Care is taken not to wet the neck of the butyrometer with acid. 11 ml of milk was pipetted at a temperature of approximately 200 C into the butyrometer, using the standard pipette. During the delivery of milk, the pipette was held by current in the neck of the butyrometer.
The tip was then stroked to keep the jet at the bottom of the neck of the butyrometer from getting wet. 1 ml of amyl alcohol was measured into the butyrometer with a standard alcohol pipette. The neck of the butyrometer was moistened with alcohol. The butyrometer was placed in a protected stand until the contents were thoroughly mixed and no more white particles were visible.

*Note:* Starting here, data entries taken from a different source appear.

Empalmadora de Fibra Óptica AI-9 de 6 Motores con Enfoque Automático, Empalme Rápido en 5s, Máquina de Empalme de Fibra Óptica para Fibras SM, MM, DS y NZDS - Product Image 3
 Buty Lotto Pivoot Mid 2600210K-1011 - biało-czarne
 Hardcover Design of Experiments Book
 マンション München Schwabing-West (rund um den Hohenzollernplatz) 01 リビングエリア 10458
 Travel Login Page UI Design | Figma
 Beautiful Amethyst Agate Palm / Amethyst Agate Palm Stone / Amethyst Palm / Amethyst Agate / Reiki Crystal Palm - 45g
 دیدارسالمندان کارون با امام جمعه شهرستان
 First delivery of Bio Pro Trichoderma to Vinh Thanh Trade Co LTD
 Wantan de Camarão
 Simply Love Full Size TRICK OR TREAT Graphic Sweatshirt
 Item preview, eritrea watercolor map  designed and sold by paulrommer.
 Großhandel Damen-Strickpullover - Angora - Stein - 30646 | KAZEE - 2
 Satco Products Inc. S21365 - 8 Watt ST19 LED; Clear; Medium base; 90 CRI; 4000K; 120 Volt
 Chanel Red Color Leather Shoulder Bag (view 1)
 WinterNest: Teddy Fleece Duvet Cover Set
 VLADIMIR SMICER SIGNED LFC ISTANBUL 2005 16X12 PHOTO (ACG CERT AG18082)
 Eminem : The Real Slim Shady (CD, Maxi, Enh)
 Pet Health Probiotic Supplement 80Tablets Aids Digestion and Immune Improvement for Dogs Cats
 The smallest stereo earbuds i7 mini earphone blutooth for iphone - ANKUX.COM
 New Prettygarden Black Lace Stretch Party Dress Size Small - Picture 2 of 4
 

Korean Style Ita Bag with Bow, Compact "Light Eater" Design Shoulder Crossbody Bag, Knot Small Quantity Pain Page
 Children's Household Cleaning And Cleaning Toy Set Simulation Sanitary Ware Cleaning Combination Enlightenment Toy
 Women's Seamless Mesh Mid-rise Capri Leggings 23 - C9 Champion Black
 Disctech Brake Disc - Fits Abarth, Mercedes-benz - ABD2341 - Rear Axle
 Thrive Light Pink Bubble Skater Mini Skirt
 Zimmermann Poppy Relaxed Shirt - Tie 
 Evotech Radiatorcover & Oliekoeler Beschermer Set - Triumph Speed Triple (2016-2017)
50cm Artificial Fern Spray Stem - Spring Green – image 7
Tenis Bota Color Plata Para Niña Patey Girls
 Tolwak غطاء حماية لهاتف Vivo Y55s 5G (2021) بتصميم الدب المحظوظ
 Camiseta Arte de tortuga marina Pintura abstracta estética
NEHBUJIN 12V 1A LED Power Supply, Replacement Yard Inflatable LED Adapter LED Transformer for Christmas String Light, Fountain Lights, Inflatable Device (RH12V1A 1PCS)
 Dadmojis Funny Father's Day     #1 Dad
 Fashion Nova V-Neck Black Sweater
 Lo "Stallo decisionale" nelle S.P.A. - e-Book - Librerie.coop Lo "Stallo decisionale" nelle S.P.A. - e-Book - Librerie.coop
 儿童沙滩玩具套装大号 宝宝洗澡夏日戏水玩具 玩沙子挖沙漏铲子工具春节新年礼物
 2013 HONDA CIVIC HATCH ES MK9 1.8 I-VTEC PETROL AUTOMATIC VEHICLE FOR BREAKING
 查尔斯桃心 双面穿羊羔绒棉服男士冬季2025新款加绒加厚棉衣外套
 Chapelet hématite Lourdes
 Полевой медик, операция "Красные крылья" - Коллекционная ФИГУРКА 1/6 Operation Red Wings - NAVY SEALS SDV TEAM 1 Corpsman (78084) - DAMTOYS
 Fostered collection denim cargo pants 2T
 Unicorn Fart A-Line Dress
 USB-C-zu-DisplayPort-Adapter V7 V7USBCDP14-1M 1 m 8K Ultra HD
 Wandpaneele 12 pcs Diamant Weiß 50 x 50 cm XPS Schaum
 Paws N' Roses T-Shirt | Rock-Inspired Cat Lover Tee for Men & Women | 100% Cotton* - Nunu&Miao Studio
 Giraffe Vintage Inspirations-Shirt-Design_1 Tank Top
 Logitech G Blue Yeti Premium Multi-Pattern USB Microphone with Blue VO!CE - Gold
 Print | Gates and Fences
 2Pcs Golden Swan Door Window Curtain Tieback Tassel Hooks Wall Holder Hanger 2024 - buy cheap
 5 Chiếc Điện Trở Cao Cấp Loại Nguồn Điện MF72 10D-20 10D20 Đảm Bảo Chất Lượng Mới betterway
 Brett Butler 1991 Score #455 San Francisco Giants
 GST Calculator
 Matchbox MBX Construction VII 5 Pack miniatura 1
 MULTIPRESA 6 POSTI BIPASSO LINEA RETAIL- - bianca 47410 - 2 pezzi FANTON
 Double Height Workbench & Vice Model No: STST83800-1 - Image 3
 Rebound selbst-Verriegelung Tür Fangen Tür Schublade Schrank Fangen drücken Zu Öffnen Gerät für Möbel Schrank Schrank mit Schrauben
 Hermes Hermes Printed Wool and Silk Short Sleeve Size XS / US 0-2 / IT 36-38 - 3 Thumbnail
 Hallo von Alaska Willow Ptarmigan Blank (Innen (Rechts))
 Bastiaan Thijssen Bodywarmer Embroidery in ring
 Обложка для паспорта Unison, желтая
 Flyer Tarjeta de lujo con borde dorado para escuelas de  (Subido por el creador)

In the water level was kept above the top of the fat column in the butyrometer. Before a reading was taken, the position of the fat columns was adjusted to bring the lower end of the fat column on a main division mark, the scale readings were noted corresponding to the lowest point of the distal meniscus and to the surface of separation of fat and acid; that. When the reading was taken, the butyrometer was held with the graduated protein vertical, keeping the spot reading at eye level.
The butyrometer was replaced in the water bath for another 3 minutes and then the fat percentage reading was checked as soon as possible after leaving the bath. Then 1 ml of HCL and 0.1 g of resorcinol were added to the test tube.